Janie has become very fond of the Chelsea Physic Garden, following our Gresham Society visit in the spring:

I DID Want To Go To Chelsea, Gresham Society Visit To Chelsea Physic Garden, then The Other Side Of Hope, Curzon Chelsea, 30 May 2017

Janie’s subsequent joining (thanks Toni) and a couple of splendid dinners there, not least with John and Mandy for the birthdays:

Birthday Dinner With John and Mandy At Chelsea Physic Garden, 29 August 2017

So Janie was very excited when Marc tipped her off to the idea of a December festive dinner indoors.

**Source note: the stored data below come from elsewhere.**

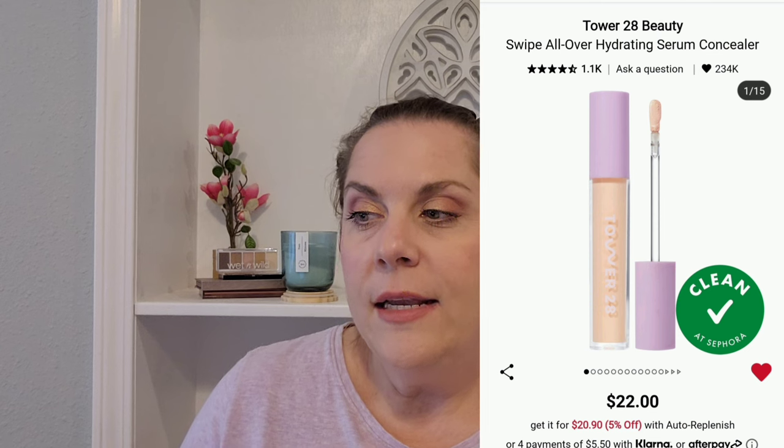I have the Tower 28 Swipe All Over Hydrating Serum Concealer in shade 5, light with neutral undertones. I'm going to need to do some research to decide if this is a light coverage concealer — if it is, I'd take it off because I want full coverage. I like to watch YouTube reviews from people I trust because sometimes the product description isn't super accurate, so I watch a variety of reviews to make informed purchasing decisions.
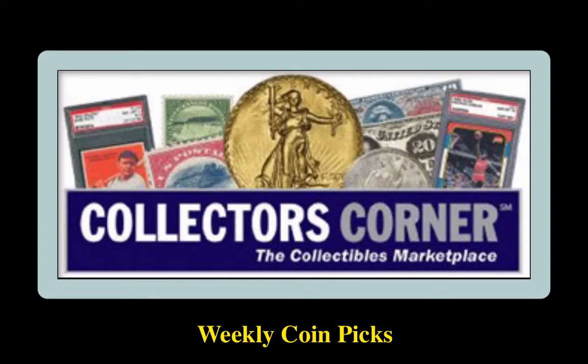Collectors Corner Coin Picks for the week of March 1, 2021. As of today, there are 94,000 coins available for sale, valued at $203 million.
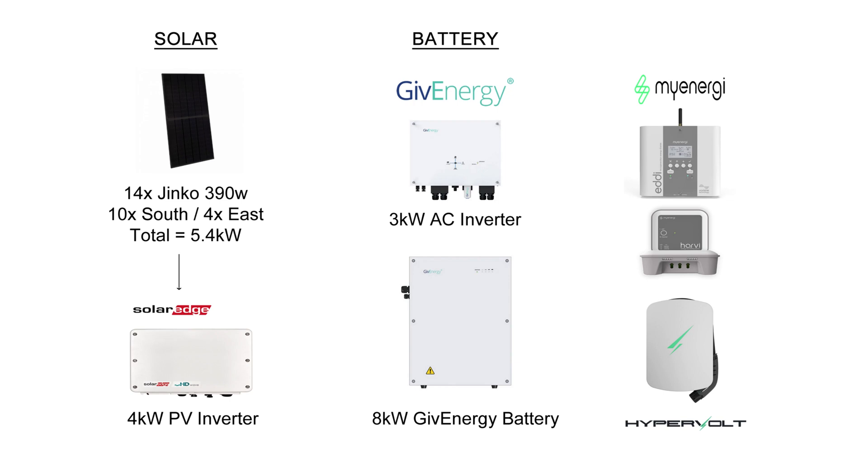Before we get into the stats let's just remind ourselves of my solar panel system. So 14 Jinko 390 watt panels totalling 5.4 kilowatts - 10 on the south and four on the east - and a SolarEdge four kilowatt inverter. On the battery side we've got the three kilowatt AC inverter and the eight kilowatt Gen 1 GivEnergy battery. And then I've got a few extra bits and bobs such as the MyEnergi Eddy heating the hot water, the Harvey hub, and the Hypervolt EV charger.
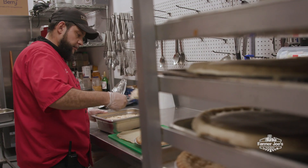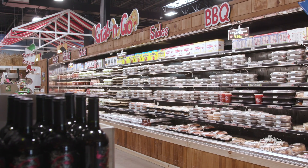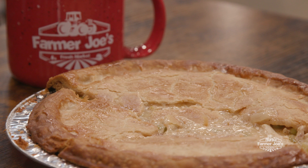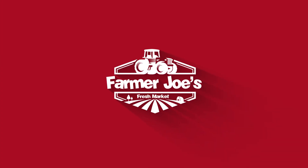Our chefs do all the cooking so you don't have to. Our chicken pot pies are available daily in our grab-and-go section. Plus, they're on sale for $14.99, saving you $5. Now through March 21st at Farmer Joe's.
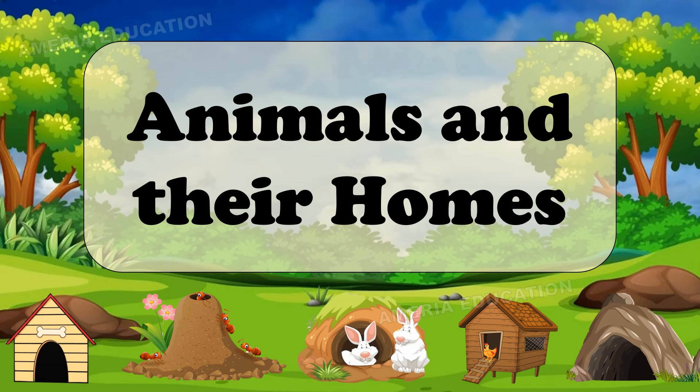Like us, all animals need shelter to live in. A shelter protects them from heat, cold, rain, and enemies. Their shelters are their homes. Let us learn some common animals with the name of their homes.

Not quite the magical atmosphere of summer dining in the garden itself, of course, but an excellent opportunity to get together with Kim and Micky during the festive season.

It was a super meal; similar in cooking style to the summer fare but using seasonal winter ingredients.

Here’s the menu:

From coincidence corner, a fellow member of Bodyworkswest, a gentleman named Lance, was sitting at the next table to us. We all had a chat for a while.

Micky won a tiny pack of  cards in his cracker, so we played poker, black jack, beat your neighbour and snap for a while. Micky wanted to play canasta but we’d need to mug up for that game.

You get the idea – we had a very good time. Kim and Micky are really looking forward to trying the summer experience at the Chelsea Physic Garden next season…as are we.

An Amazing Week Of Grazing And Moral Mazing, 1 to 7 December 2017

It’s a cracker

It’s December, so of course the eating and drinking goes into overdrive.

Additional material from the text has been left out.